Problem to solve
Exactly reproduce the lines from the line containing "LG will create its own flexible smartphone" to the end of the data below, inclusive, and nothing else.
------------------------------------------------------------------------
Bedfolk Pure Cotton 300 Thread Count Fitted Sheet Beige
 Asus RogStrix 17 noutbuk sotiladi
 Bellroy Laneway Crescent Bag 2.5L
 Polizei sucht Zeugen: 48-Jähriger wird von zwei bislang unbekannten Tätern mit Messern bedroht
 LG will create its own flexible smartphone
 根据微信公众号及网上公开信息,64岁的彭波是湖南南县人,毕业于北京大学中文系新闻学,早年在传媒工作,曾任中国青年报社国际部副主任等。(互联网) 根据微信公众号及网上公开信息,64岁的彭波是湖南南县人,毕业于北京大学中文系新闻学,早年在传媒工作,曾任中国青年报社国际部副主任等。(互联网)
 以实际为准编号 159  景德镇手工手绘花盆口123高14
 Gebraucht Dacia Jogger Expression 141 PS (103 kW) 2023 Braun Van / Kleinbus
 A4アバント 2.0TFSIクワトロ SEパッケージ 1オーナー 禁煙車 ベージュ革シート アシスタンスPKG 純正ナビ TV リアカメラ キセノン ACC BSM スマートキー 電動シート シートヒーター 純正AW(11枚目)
------------------------------------------------------------------------
Solution to this exercise
 LG will create its own flexible smartphone
 根据微信公众号及网上公开信息,64岁的彭波是湖南南县人,毕业于北京大学中文系新闻学,早年在传媒工作,曾任中国青年报社国际部副主任等。(互联网) 根据微信公众号及网上公开信息,64岁的彭波是湖南南县人,毕业于北京大学中文系新闻学,早年在传媒工作,曾任中国青年报社国际部副主任等。(互联网)
 以实际为准编号 159  景德镇手工手绘花盆口123高14
 Gebraucht Dacia Jogger Expression 141 PS (103 kW) 2023 Braun Van / Kleinbus
 A4アバント 2.0TFSIクワトロ SEパッケージ 1オーナー 禁煙車 ベージュ革シート アシスタンスPKG 純正ナビ TV リアカメラ キセノン ACC BSM スマートキー 電動シート シートヒーター 純正AW(11枚目)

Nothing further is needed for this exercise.